A vida humana depende de 100 trilhões de células – 100 bilhões delas no
cérebro. Essas células formam tecidos que, por sua vez, vão formar o
intestino, o fígado, o pulmão, a pele. Imagine então a célula como um
pequeno computador, cada um com os mesmos programas. Acontece que nem todos
rodam em todas as células e é isso que fará um órgão ser diferente do outro.
Seria como se o intestino executasse um programa X e o fígado, um Y.
Apesar de cada tecido ter os mesmos programas, os genes, eles podem ser
ativados ou não. “É como se cada gene fosse uma palavra: algumas são muito
usadas, enquanto outras caíram em desuso”, explica Gonçalo Guimarães
Pereira, professor de Departamento de Genética da Universidade Estadual de
Campinas. Os resultados do Projeto Genoma Humano divulgados na semana
passada mostraram que podemos ter entre 30 mil e 40 mil genes, todos de
tamanho variados. Se os 3,2 bilhões de letras resultam apenas nesses 30 mil
genes, o que representa o restante do genoma humano?
Essa é uma pergunta a que os cientistas ainda estão procurando responder.
Imaginava-se que ele fosse inútil, apelidado de lixo do DNA. Mais de 95% do
DNA aparentemente não tinha função. Agora, a explicação é outra. Essa parte
pode servir para regular a atividade dos genes ativos. É como se você
tivesse um livro de 100 páginas e em 95 delas haveria um manual de
instruções para ensinar a ler as outras 5 restantes.
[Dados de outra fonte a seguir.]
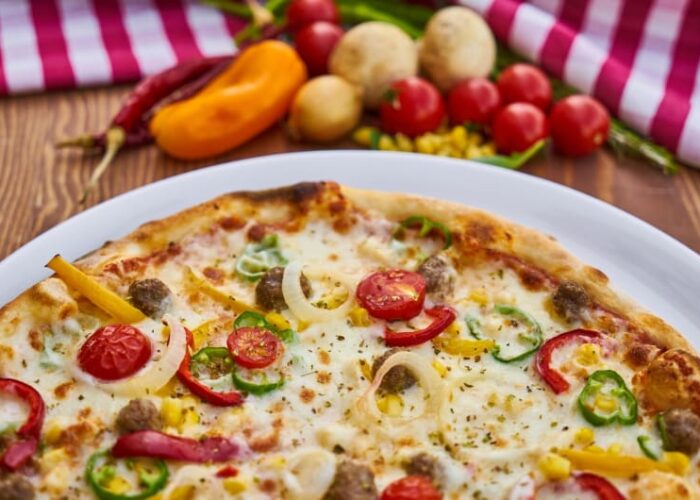 Freshly baked pizza with vegetables on wooden table uiy2wd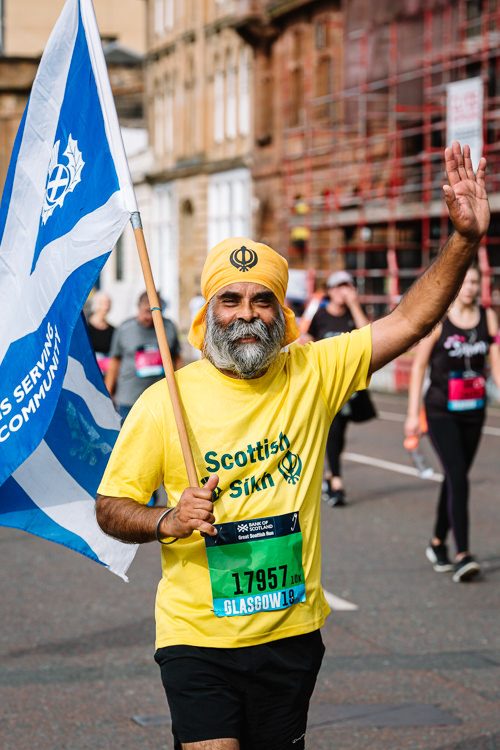 A Scottish Sikh runner with a saltire flag
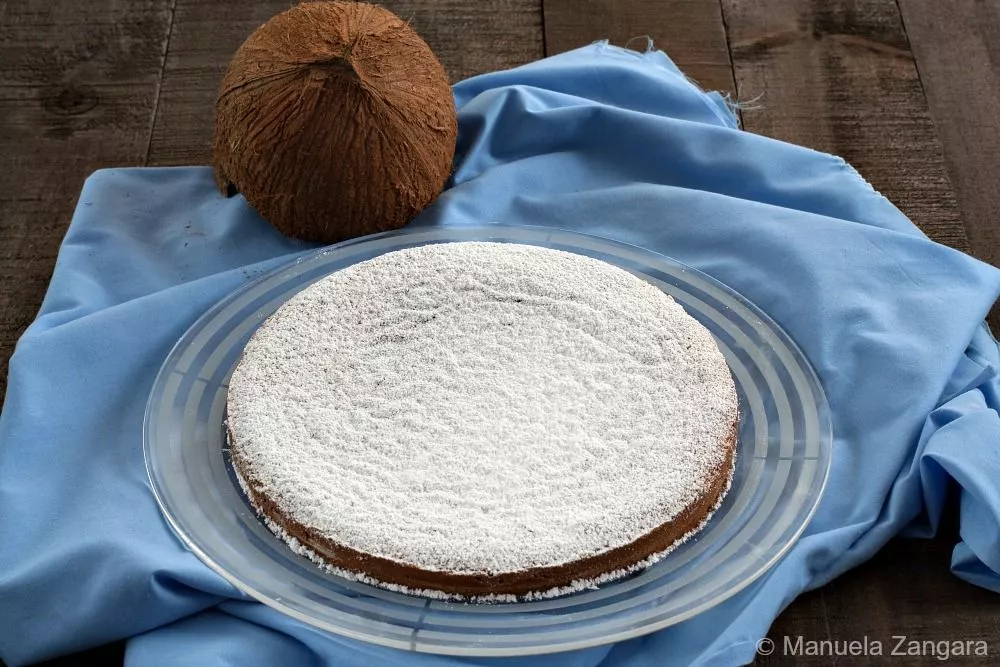 Whole condensed milk and coconut cake dusted with icing sugar, placed on a glass plate with a coconut beside it.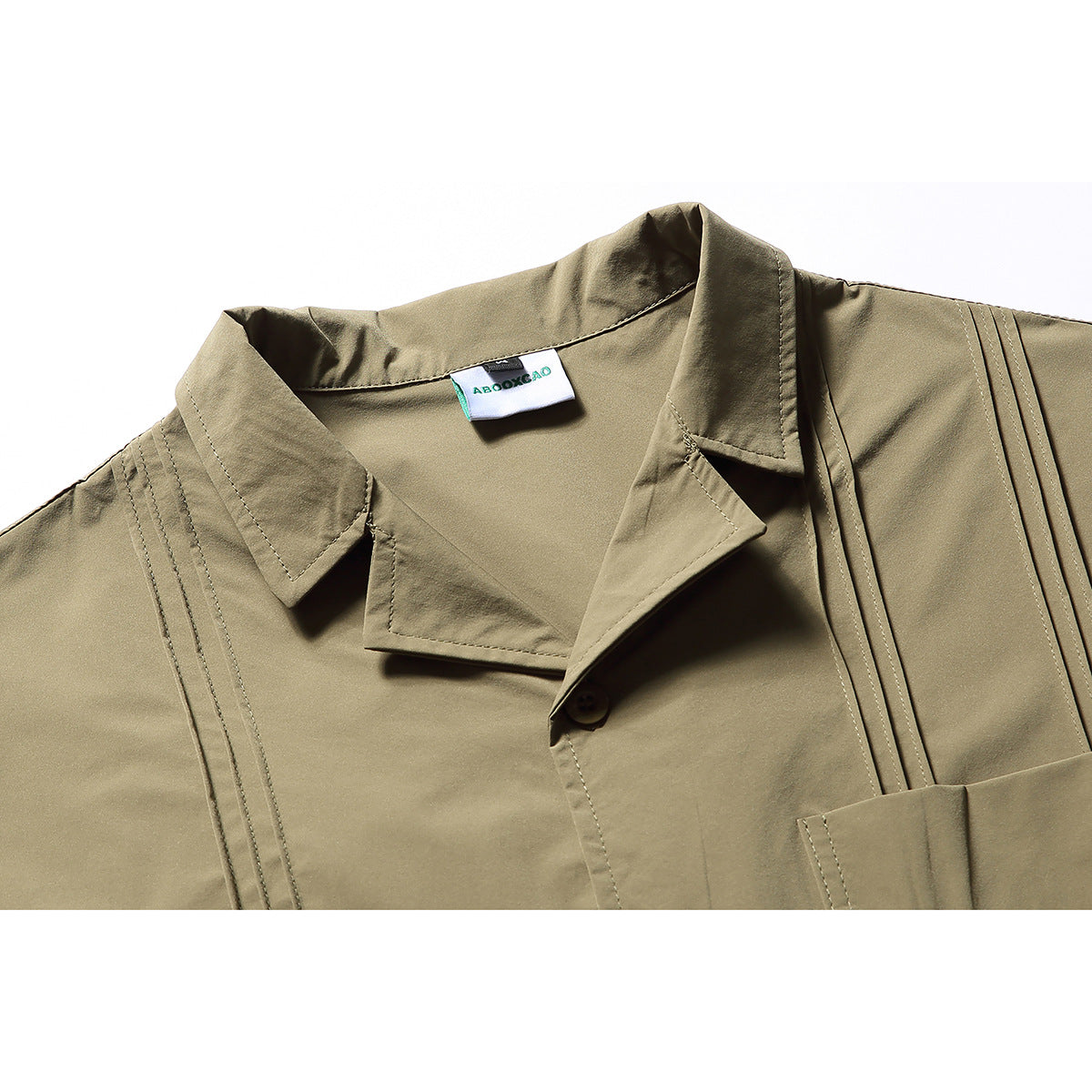 Close-up of the olive shirt's pointed collar, button placket, stitching, and inner neck label.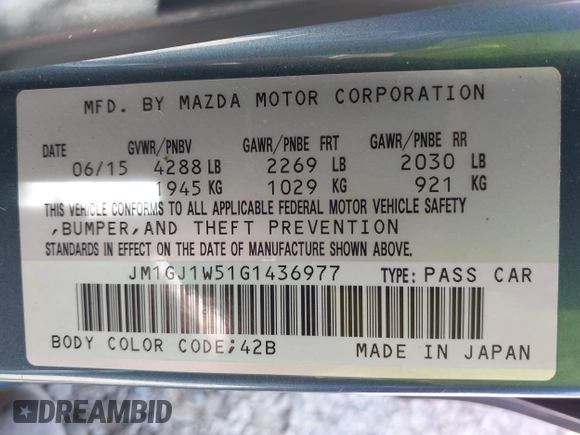 2016 Mazda Mazda6 i Grand Touring with VIN JM1GJ1W51G1436977, listed as a IAAI auction lot 42097363 with 128,941 mi miles. Bid and sale history available at carsss.com. Image 9.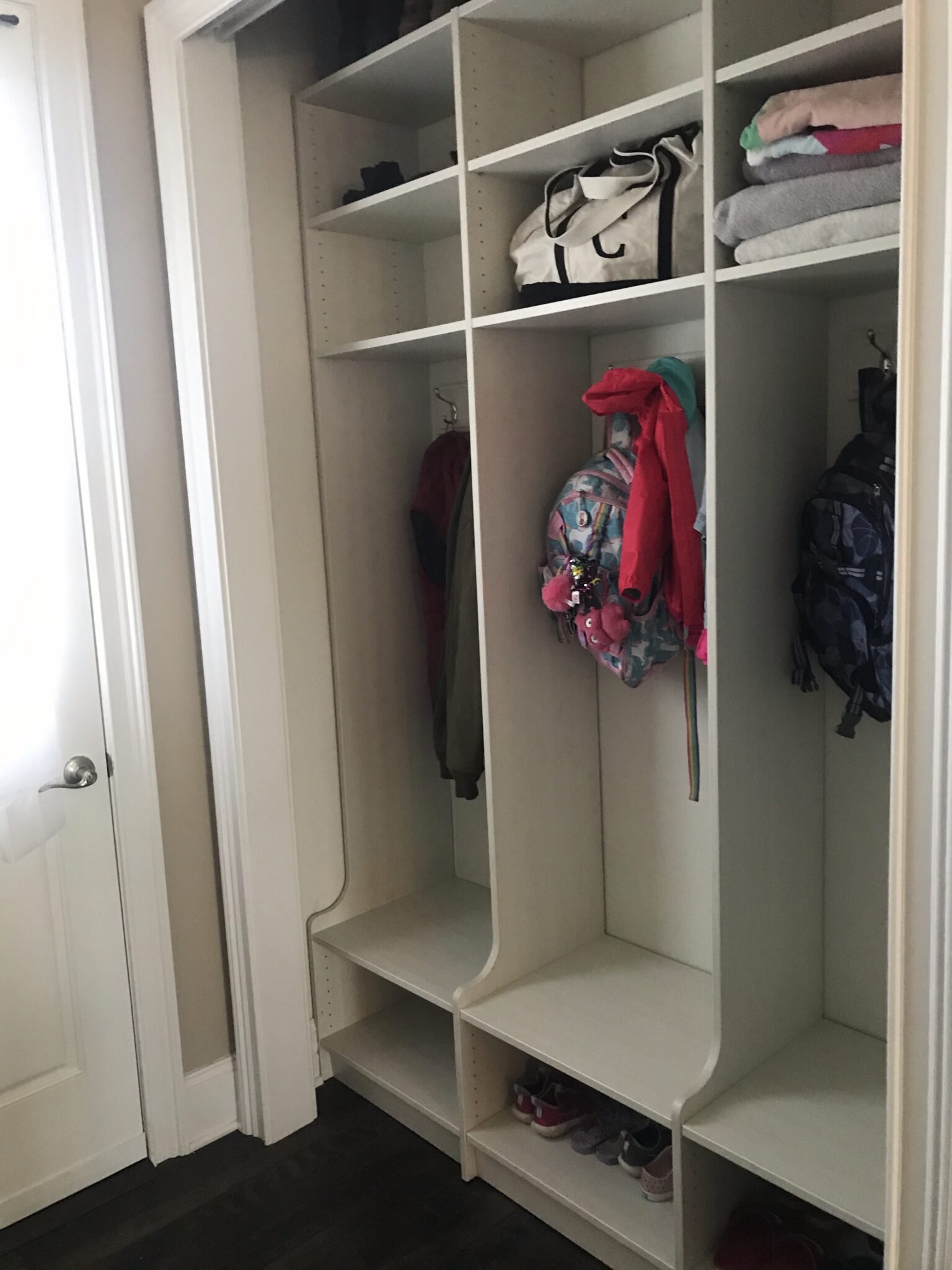 Custom floor-to-ceiling mudroom lockers with closed doors for storage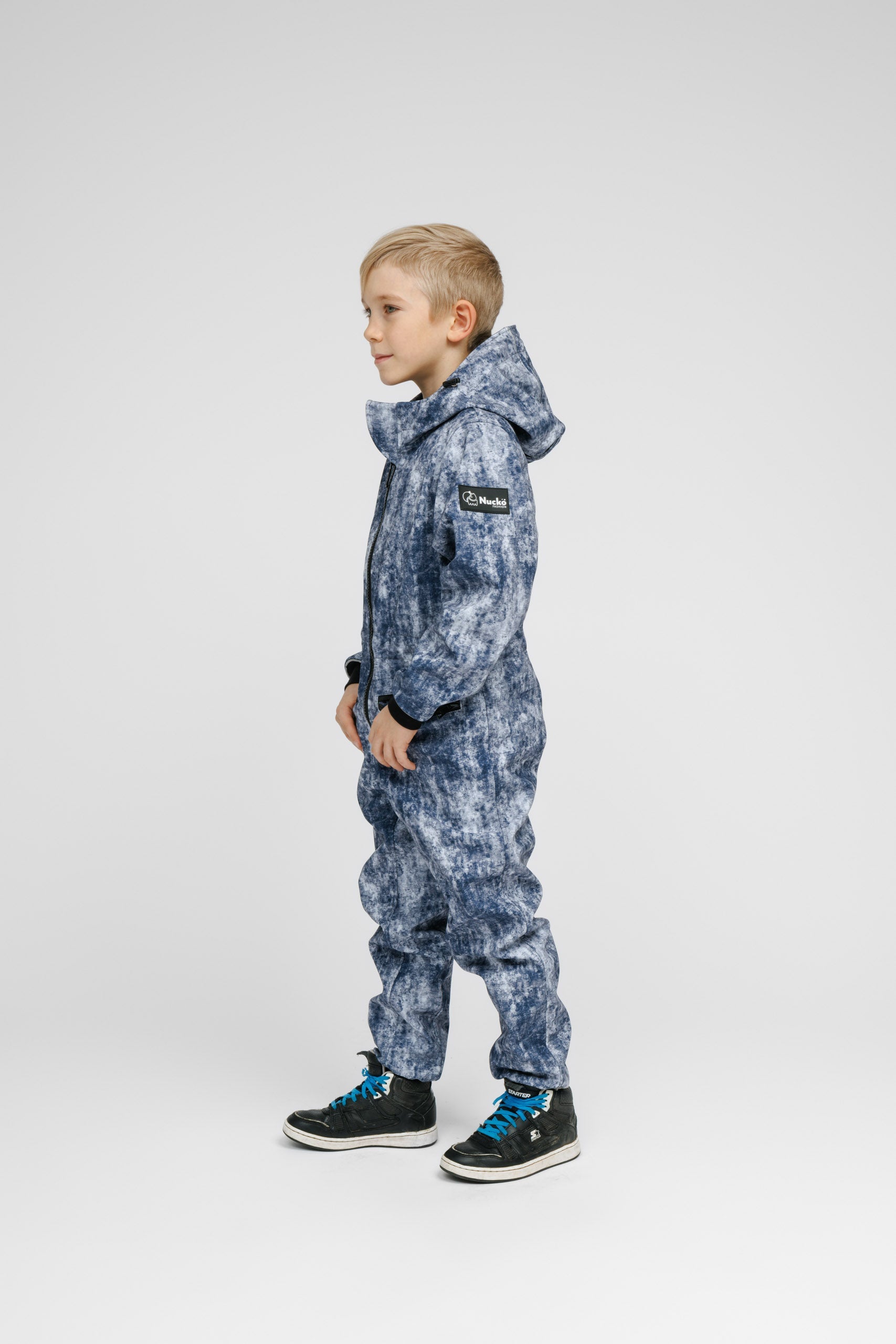 Child in a softshell outer layer for a Nordic winter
Ninguém diz o que um gene deve fazer ou quando deve começar a trabalhar.
Sabemos apenas para que servem alguns deles. Muitos cientistas sabem que
isso já é muito. Com esses dados, poderemos detectar mais facilmente quando
ocorre uma doença relacionada aos genes, herdada dos pais ou não.
Um produto dessa linha de pesquisa será o chip de DNA. Trata-se de uma placa
contendo milhares de genes que é única para cada pessoa. Com ele, será
possível confrontar o genoma de um paciente com o de uma doença que também
já tenha sido seqüenciada. Uma tabela definirá se a pessoa tem ou não
propensão a contrair a doença. “Já é uma terapia madura para entrar na
rotina de hospitais e clínicas”, adianta Guimarães Pereira.
Semelhanças – É duro ter de encarar que um homem pode ter não mais que três
vezes o número de genes do que uma mosca. Mesmo entre pessoas diferentes, há
pouquíssimas diferenças. Infelizmente, é preciso mais que o DNA para fazer
um organismo vivo. O ambiente é um fator determinante para os seres vivos.
Algumas das máquinas internas do nosso corpo só começam a agir se forem
forçadas por fatores externos. Portanto, não acredite em notícias que digam
que estamos próximos de conhecermos como a vida funciona. A vida é bem mais
complicada que a complicada teoria que começa a surgir.